I’ve collected some more labels from client homes to share with you.

Oh, actually, I guess you do label things you throw away… before you keep them for another year and a half.
The box full of hell was mostly a collection of letters documenting old relationships in all their colorful angst. My client was, understandably, not keen on sorting through it all. So we transferred it into an intact box, relabeled it the same way, and stuffed it into a closet. Organizing does not have to mean torture! It can sit there as long as it needs to.
A client used this label for the box with her Nuva Ring and Diva Cup to keep her parents out when they helped her move. Problem is, it will encourage everyone else (maybe her parents, too) to open it. Come on, you know you want to.
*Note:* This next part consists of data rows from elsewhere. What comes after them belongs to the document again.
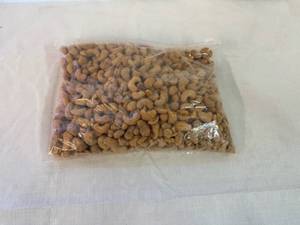 lot 8 image: SSS. Salted Cashews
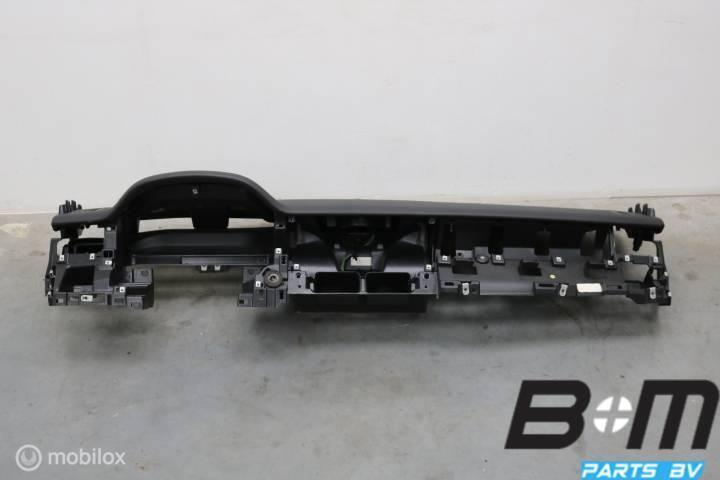 Dashboard Land Rover Discovery Sport LR178287, Gebruikt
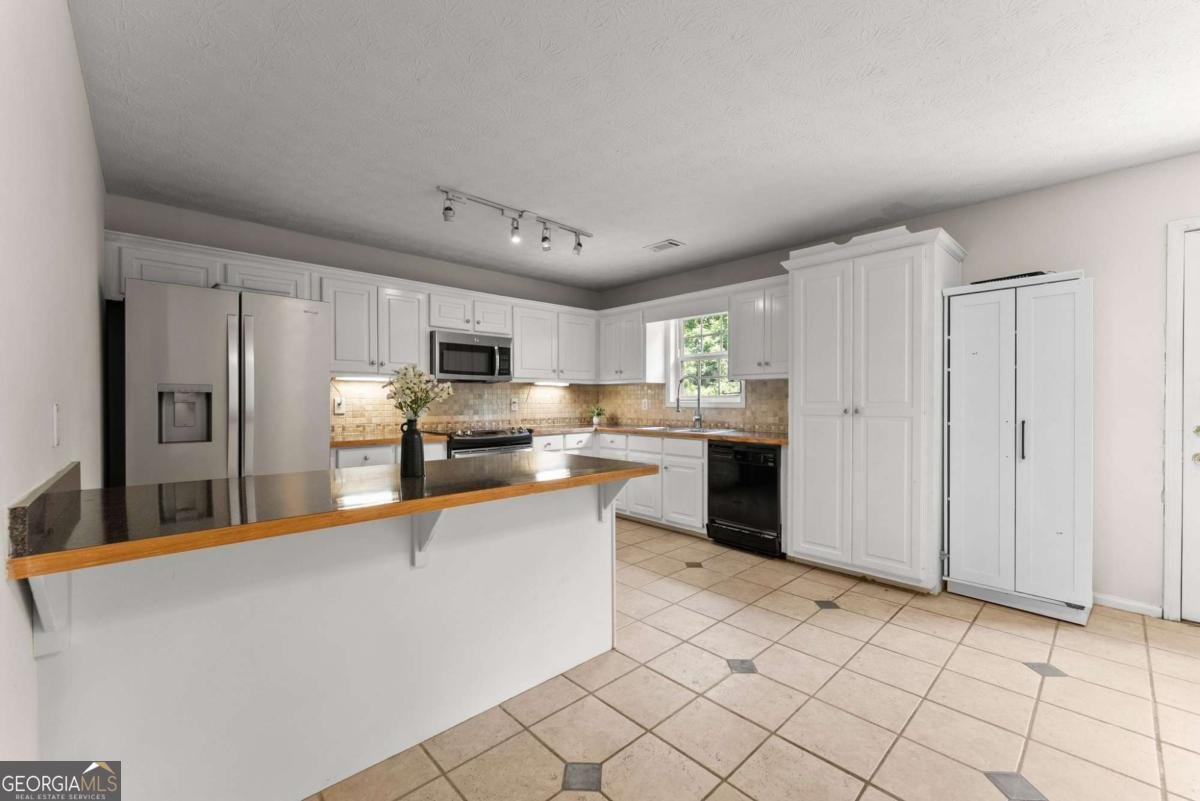 4516 Nohl Ridge Lane Flowery Branch - Photo 8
For the more culturally mainstream among us, cruft is a geek term that, according to Wikipedia, originally meant “discarded technical clutter,” but has morphed over time to mean random (probably useless) stuff or generic clutter. I think of cruft as being a larger version of the Yiddish schmutz.
So, there you go. As always, I welcome comments and accolades. Please share your amusing and/or useless labels!





‘Schmutz’ usually refers to crud, not ‘stuff’. Schmutz appears on one’s kitchen floor after the muddy dog traipses in. It’s often in the corners of one’s eyes upon awakening. It’s all over one’s rug when a hanging plant comes loose from the ceiling & splatters all over the place!
‘Chazeraei’ (not sure of the spelling, but pronounced haz-er-eye) would probably be the most accurate Yiddish term to apply.